Tallgrass Prairie National Preserve—Chase County, Kansas

Until four years ago, I knew very little about prairies. I imagined them (if I thought of them at all) as open fields, little more than pastures. Since I studied French in high school and college, I knew that the word prairie meant meadow, but that word fails to capture the unique beauty or vastness of the North American prairie, which once stretched from northern Canada to the Gulf of Mexico.

Sheldon Lake State Park and Environmental Learning Center

Four years ago I visited Sheldon Lake State Park, a restored wetland prairie northeast of Houston, Texas.

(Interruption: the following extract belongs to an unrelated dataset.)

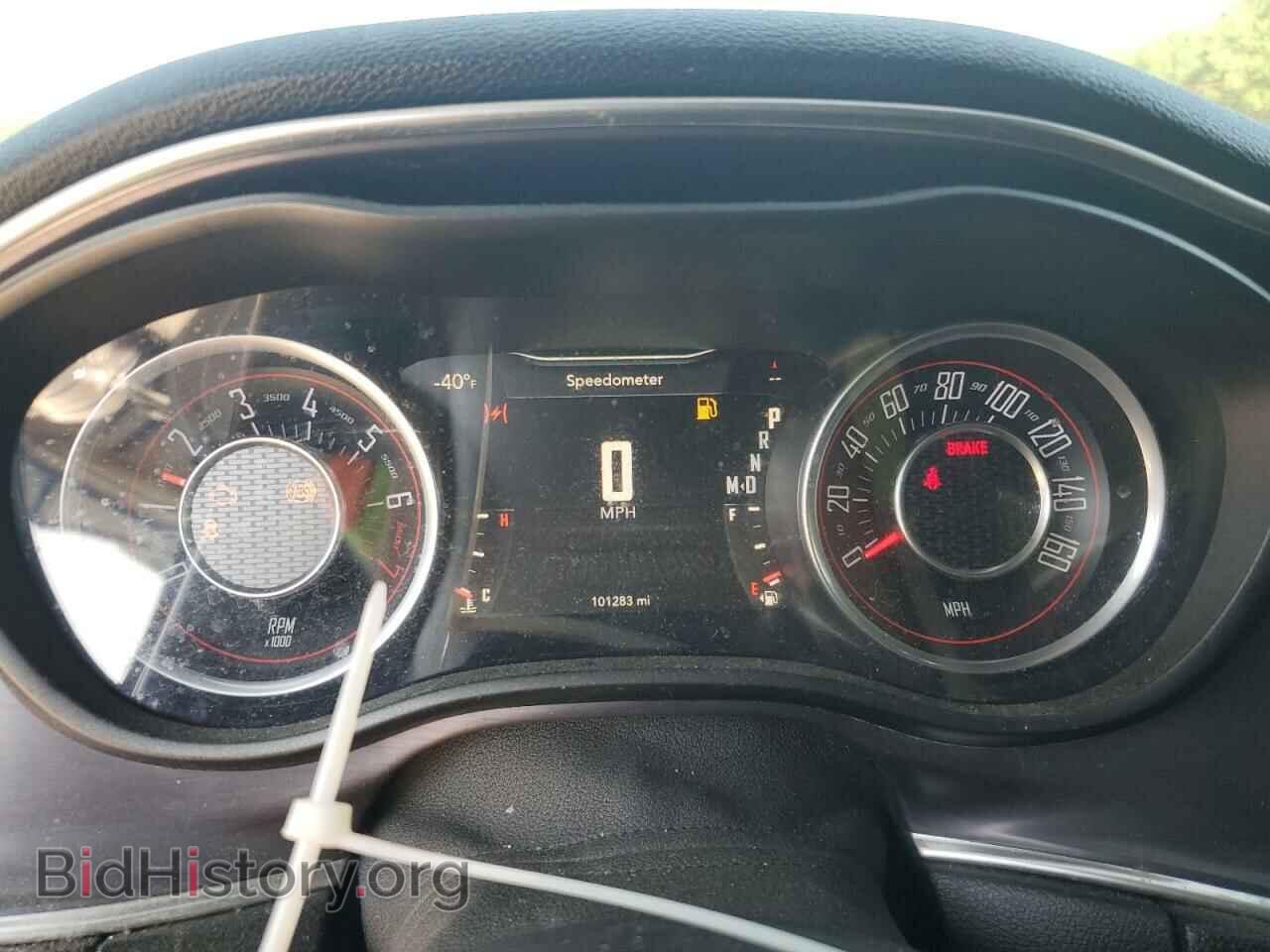 2015 DODGE CHALLENGER - VIN: 2C3CDZAG8FH877460 - Фото 9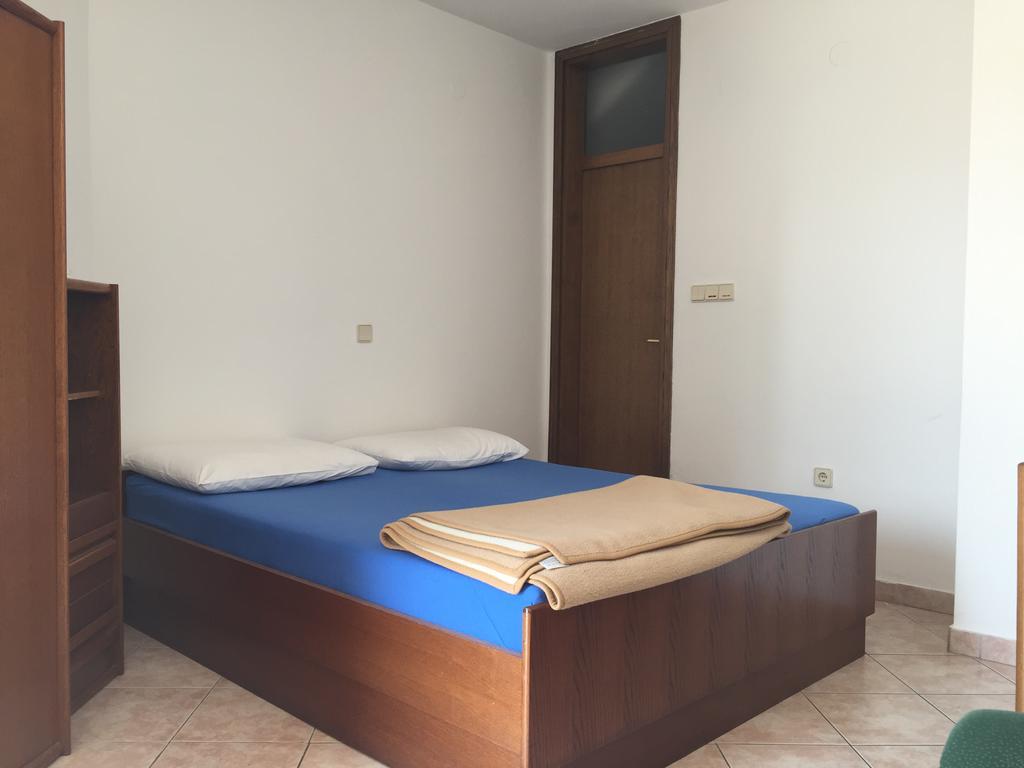 Apartments Antonia Malinska Ngoại thất bức ảnh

Had I not been attending a field trip for Texas Master Naturalist (TMN) training, it is unlikely that I would have ever gone to Sheldon Lake. What I saw, however, opened my eyes to a series of ecosystems that sustain all manner of birds, mammals, butterflies, bees, and other animals. That four-hour experience redefined my view of the natural world that surrounded me.

Texas is divided into ten ecoregions, including the Gulf Coast Prairies and marshes. If you include coastal Louisiana, this section of prairies once covered six million acres, but after almost 200 years of farming, ranching, and urban development, less than one percent of the original coastal prairie exists today. Those precious pockets of undisturbed prairies are called remnants, and I have been fortunate to visit several of them.

Jaime González holds a Brunner's stick mantis (Brunneria borealis)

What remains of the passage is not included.